Alternate translation of the five actions: creation, sustenance, dissolution, concealment, and bestowal of grace.

95
In the morning, recite the divine name while thinking of the two-eyed, two-armed, peaceful Guru in the white lotus in the head, fearless and endowed with boons [grace].

96
There is nothing greater than the Guru. [This is repeated four times.] This is according to the teaching of Shiva [“Highest of Yogis”]. [This is repeated four times.]

97
This is also indeed Shiva. [This is repeated four times.] This is according to my teaching. [This is repeated four times.]

98
If the Guru is meditated upon in this way, knowledge arises by itself. Having done so, one feels/experiences thus: “I am liberated by the grace of the Truth-Guru.”

99
Even so, one should purify the mind by following the path shown by the Guru, so that whatever transient things that have been ascribed to the Self, may all be released.

100
By this, the essential nature of everything may be known. Knowledge is said to be of the mind. One should consider that knowledge is identical with the object of knowledge. There is no other way.

101
Great Goddess, once having heard all of this, one who speaks ill of the Guru falls into the most dreadful state as long as there is a sun and a moon*.
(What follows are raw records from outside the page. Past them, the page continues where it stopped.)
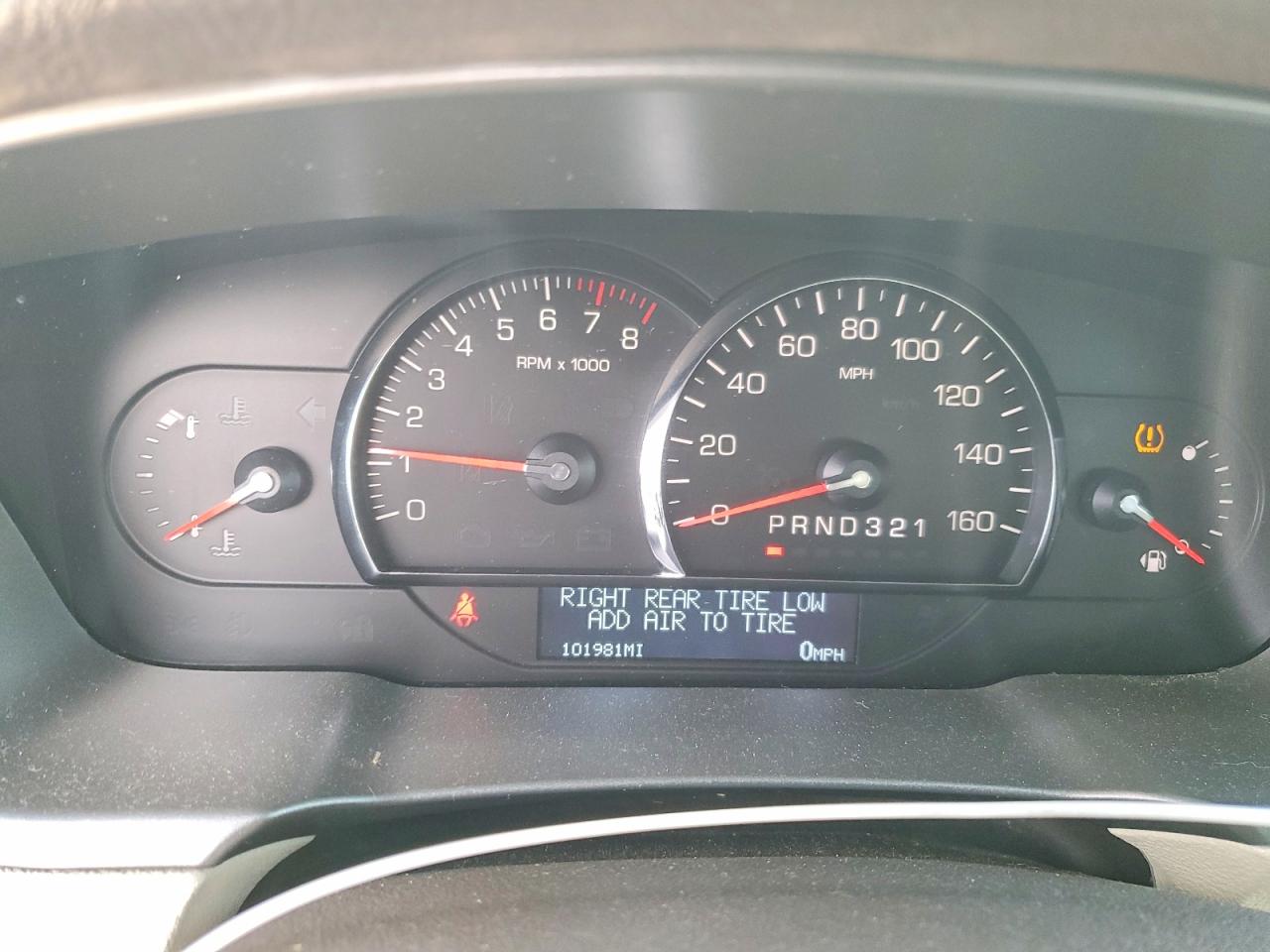 CADILLAC DTS 2010 — 10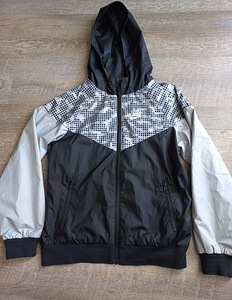 Ветровка Nike р.137-147 (1 фото из 7)
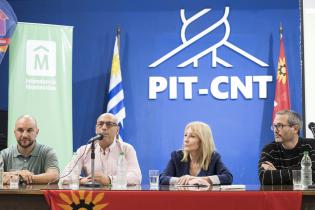 Entrega de terreno al PIT-CNT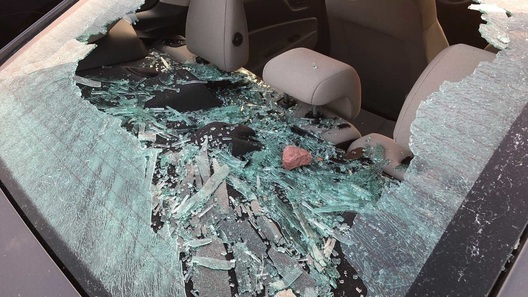 У Алексея Навального требуют еще миллиард за порчу автомобилей и репутации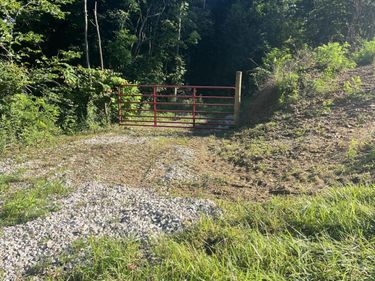 9999 HWY 2004 , McKee, KY 40447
* So long as sun and moon—prana and apana—have not cancelled each other out as such, through union, yoga.

102
As long as there is a body, and even to the end of a kalpa,* one should never forsake the Guru, even if he behaves in a manner beyond one’s understanding.

* Kalpa – A time period, i.e., the period of a yuga, an age.

103
Before the Guru, wise disciples do not speak in any way that suggests doership on their part, nor do they not speak the truth.

104
Having spoken rudely before the Guru in this manner, or having arguments or confrontations with the Guru, one would be born as a brahmarakshasa* in a region of a waterless wilderness.

* Brahmarakshasa – One born with the tendency to be ruled by desires of the body, such as thirst, literally and figuratively; hence the metaphor a waterless wilderness.

105
Parvati, the Guru protects one if he is cursed by sages, snake demons, or even gods, and also from the fear of the time of death.

106
The gods, sages and others also, are surely powerless against the enmity of the Guru, by which they are soon destroyed. About this there is no doubt.

107
Goddess, the word “Guru,” composed of the two letters*, “gu” and “ru” is the greatest mantra which, according to their meaning as taught by ancient scriptures, Guru is actually the highest state.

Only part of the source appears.